By Thomas Watkins, AFP

WASHINGTON – President Donald Trump is facing his biggest foreign policy challenge yet after North Korea fired a ballistic missile salvo in a supposed training run for an attack on U.S. bases in Japan. Pyongyang blasted at least four missiles across the ocean toward its eastern neighbor on Monday, and three of the rockets splashed down into waters within Japan’s Exclusive Economic Zone. The latest tests mark the end of what had been a quiet spell in North Korean weapons testing — with little activity since Trump’s election in November — and propels the long-simmering issue to the White House front burner. Trump in January had tweeted that North Korea’s stated goal of building a long-range nuclear missile to hit the U.S. mainland “won’t happen” — but he never provided details. After North Korea said the missile launches were training for a strike on U.S. bases in Japan, where about 50,000 American troops are stationed, Japanese Prime Minister Shinzo Abe and Trump spoke by phone and warned the threat from North Korea had “entered a new stage.” Trump must now define what exactly that means, and what America’s response will be.
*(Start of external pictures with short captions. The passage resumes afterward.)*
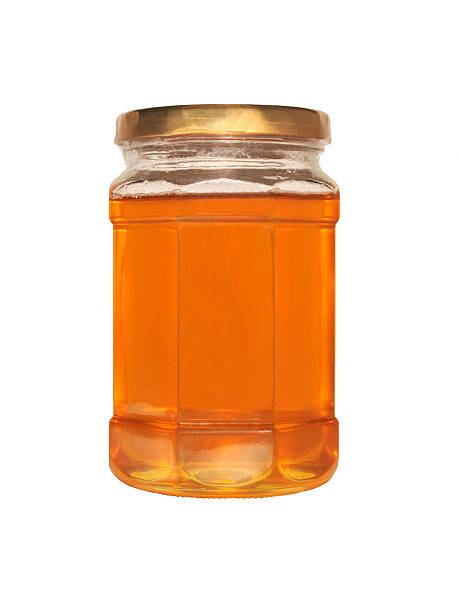 istock Jar of honey over a white background 464361489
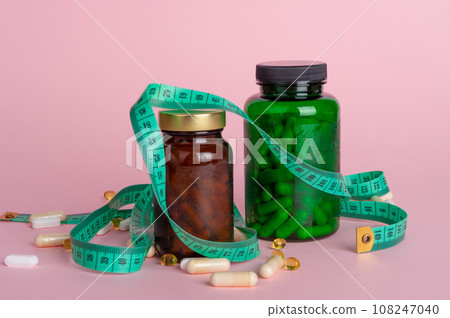 Weight Loss Pills and Measuring Tape, Diet Supplements Capsules, Obesity Lose Tablets, Color Drugs Pile 108247040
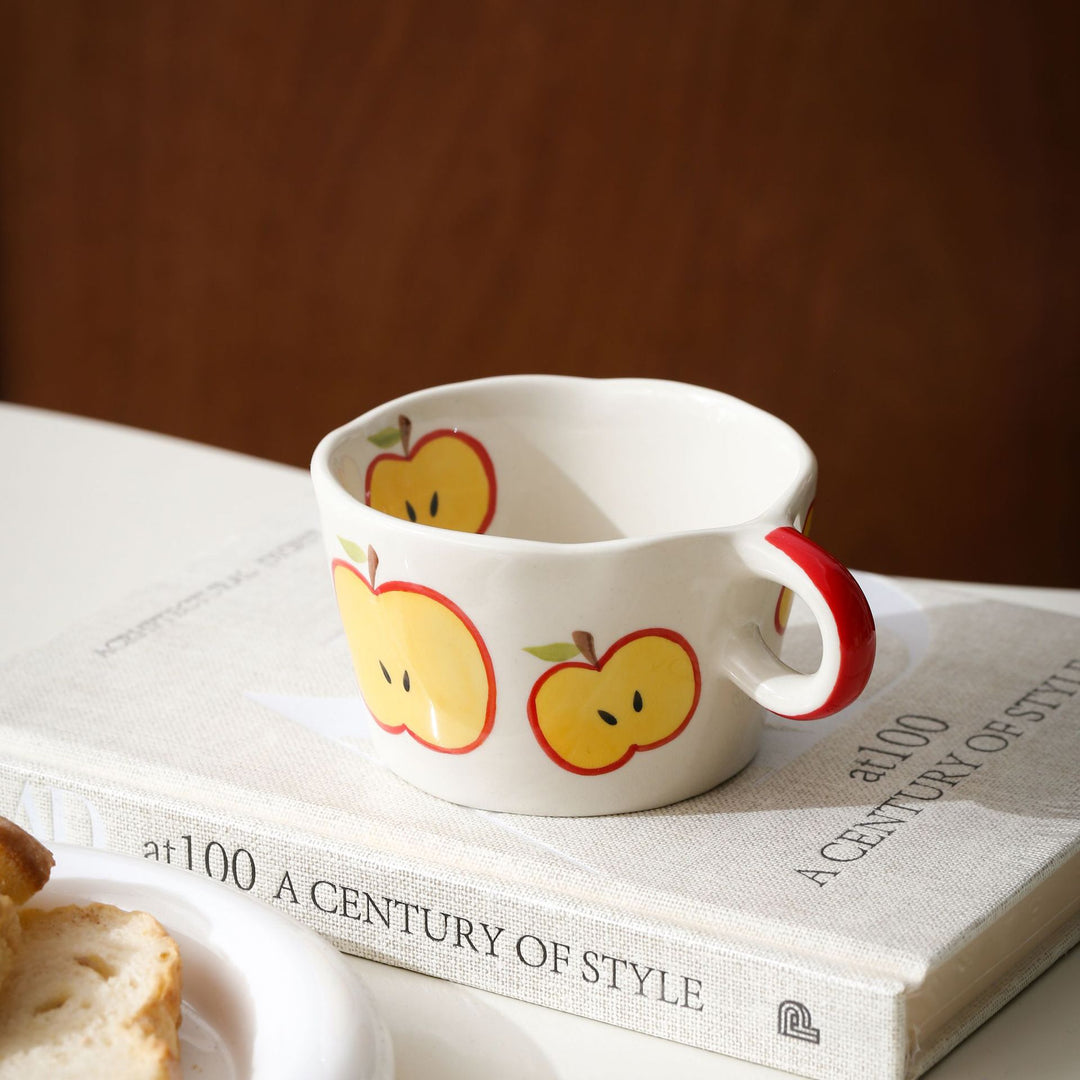 Ceramic mug with hand-painted banana illustration and round handle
“We are in a very tenuous situation with not a lot of leverage, not a lot of initiative in terms of negotiations,” a senior defense official told reporters recently. “So as you might imagine we are preparing for contingency operations to the degree we need to,” the official said. Secretary of State Rex Tillerson is traveling to South Korea, Japan and China next week, his first visit to the region. He will discuss “strategic coordination to address the advancing nuclear and missile threat from North Korea,” State Department acting spokesman Mark Toner said. “Given North Korea’s continuing provocative behavior and actions, the U.S. is actively engaged with its partners and allies in the region to address the threat posed,” he added. Further ramping up regional tensions is the deployment of an American anti-ballistic missile battery called THAAD, a successor to the Patriot system. China is furious about the move, even though the interceptors can only be used for defense and cannot directly engage Chinese missiles.